ACTIVITY: Which of the lines below contain the string "مكتبة"? Copy each one.

EXTRACTED RECORDS:
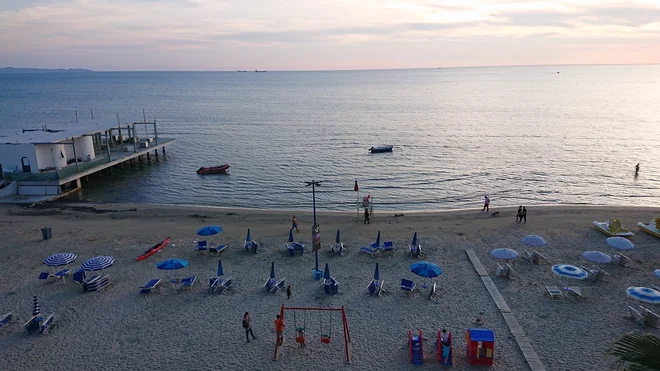Pogled za milijon dolarjev iz sobe hotela v Draču. No, za 26 evrov. FOTO: Miha Pribošič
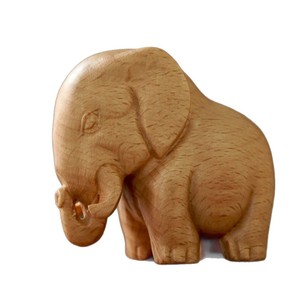 Figurine de rhinocéros sculptée en bois de hêtre YiTao, sculpture animale artisanale pour la décoration de la maison et du salon - Product Image 5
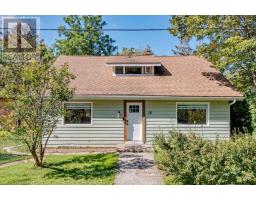 18 RAVENSWOOD DRIVE, Georgina, Ontario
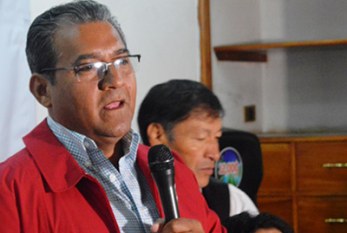 Jiménez Merino se lanza contra “chapulines” que buscan la gubernatura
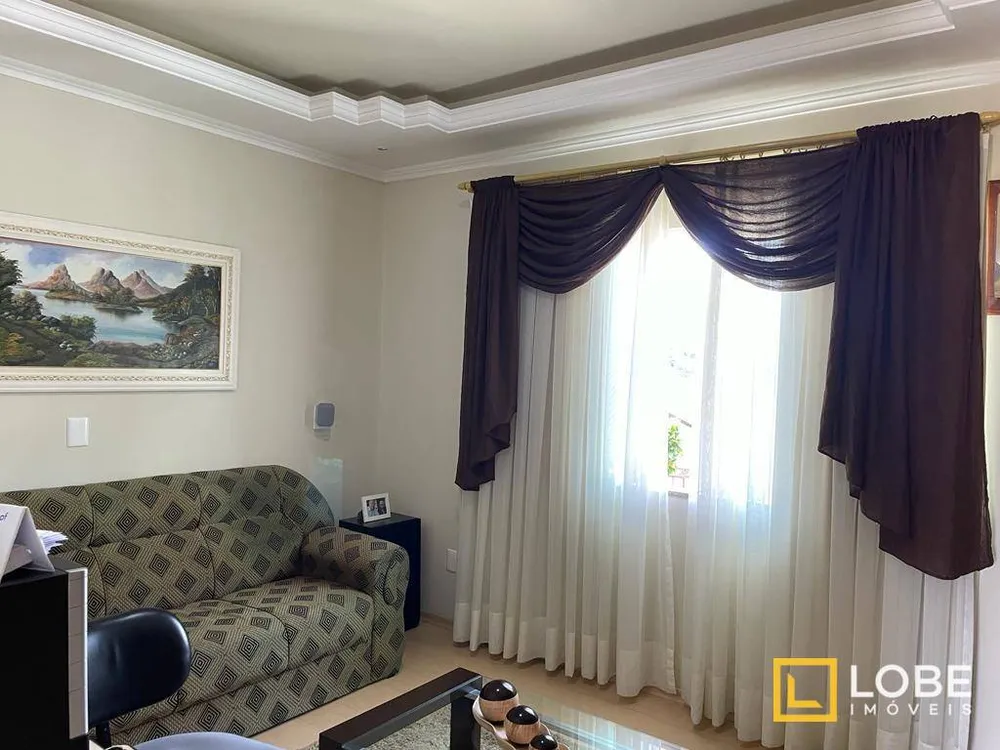 Casa, 4 quartos, 250 m² - Foto 6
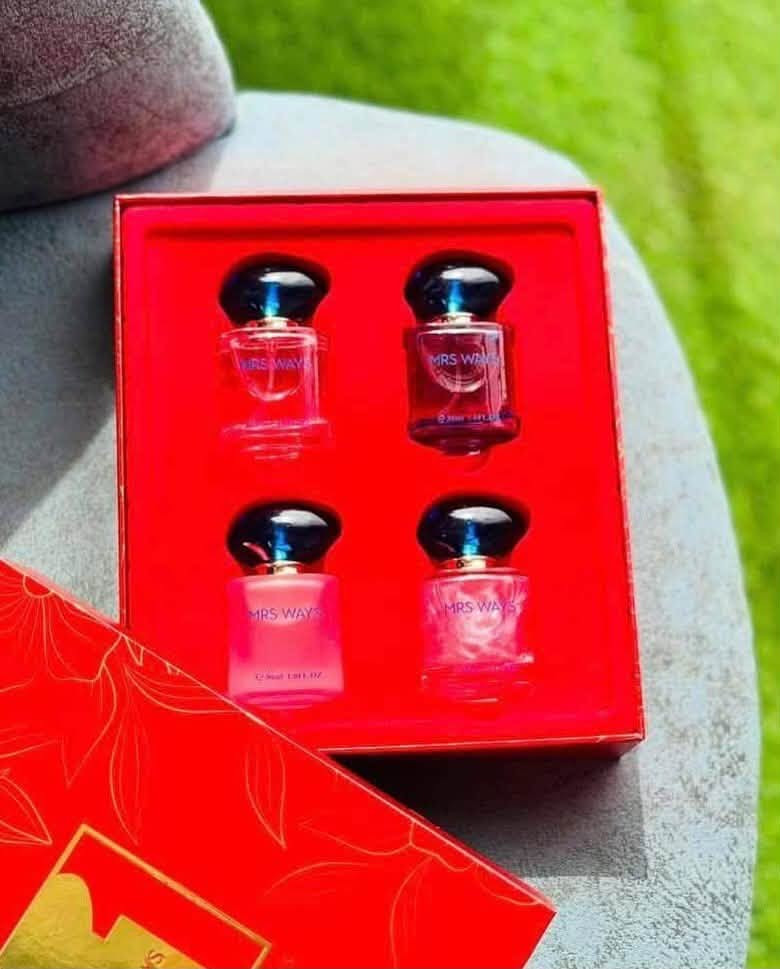 أكيد، هاي كليشة أقوى وأفخم للإعلان:

✨ عطرك… عنوان حضورك! ✨

🌹 مجموعة مميزة من العطور الرجالية والنسائية متوفرة الآن في مكتبة عزوز 🖤

روائح فخمة، ثبات مميز، وتشكيلة تناسب كل ذوق وكل مناسبة.
إذا تحب تترك انطباعًا ما يُنسى… اختيارك يبدأ من هنا. 🔥

📍 بغداد – الدورة – شارع حي الشرطة – قرب جامع الهادي البشير
📞 ***********
📞 ***********

مكتبة عزوز | كل ما تحتاجه بمكان واحد
✨ خدمتكم هدفنا، وثقتكم مسؤوليتنا

نص مكتوب في الصور:
- Yves Saint Laurent
- Libre le parfum
- @aroma.jol
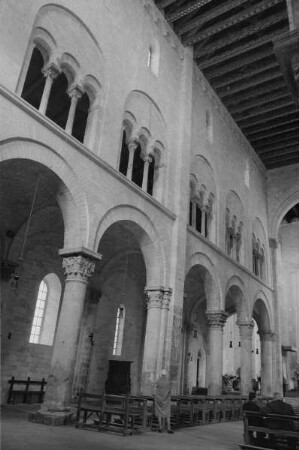 Kathedrale San Valentino — Langhaus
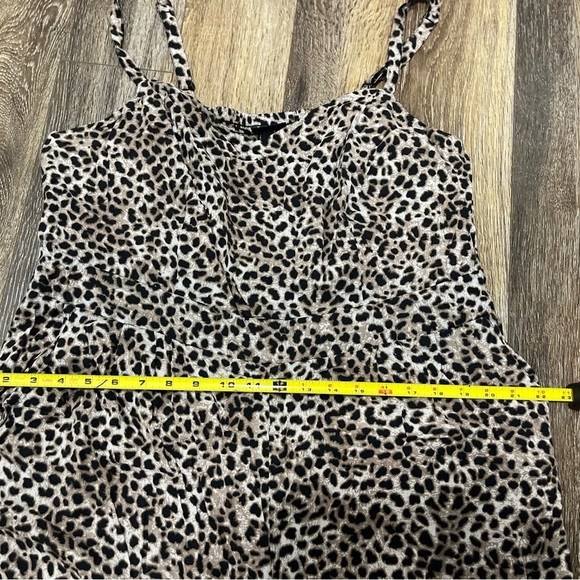 Torrid Woman’s Jumpsuit Size 3 Leopard Print Sleeveless Rayon - Picture 11 of 16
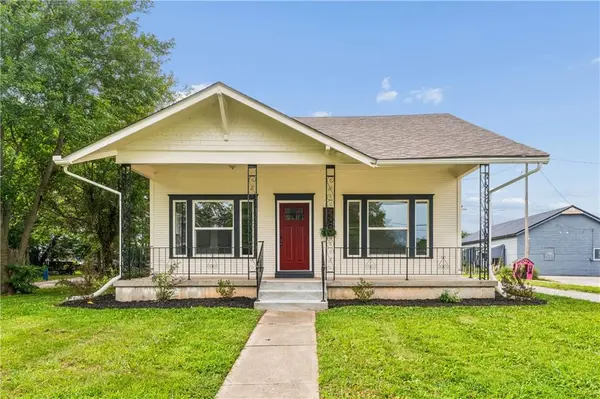 105 E Hale ST, Spring Hill, KS 66083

RESULT OF THE EXERCISE:
🌹 مجموعة مميزة من العطور الرجالية والنسائية متوفرة الآن في مكتبة عزوز 🖤
مكتبة عزوز | كل ما تحتاجه بمكان واحد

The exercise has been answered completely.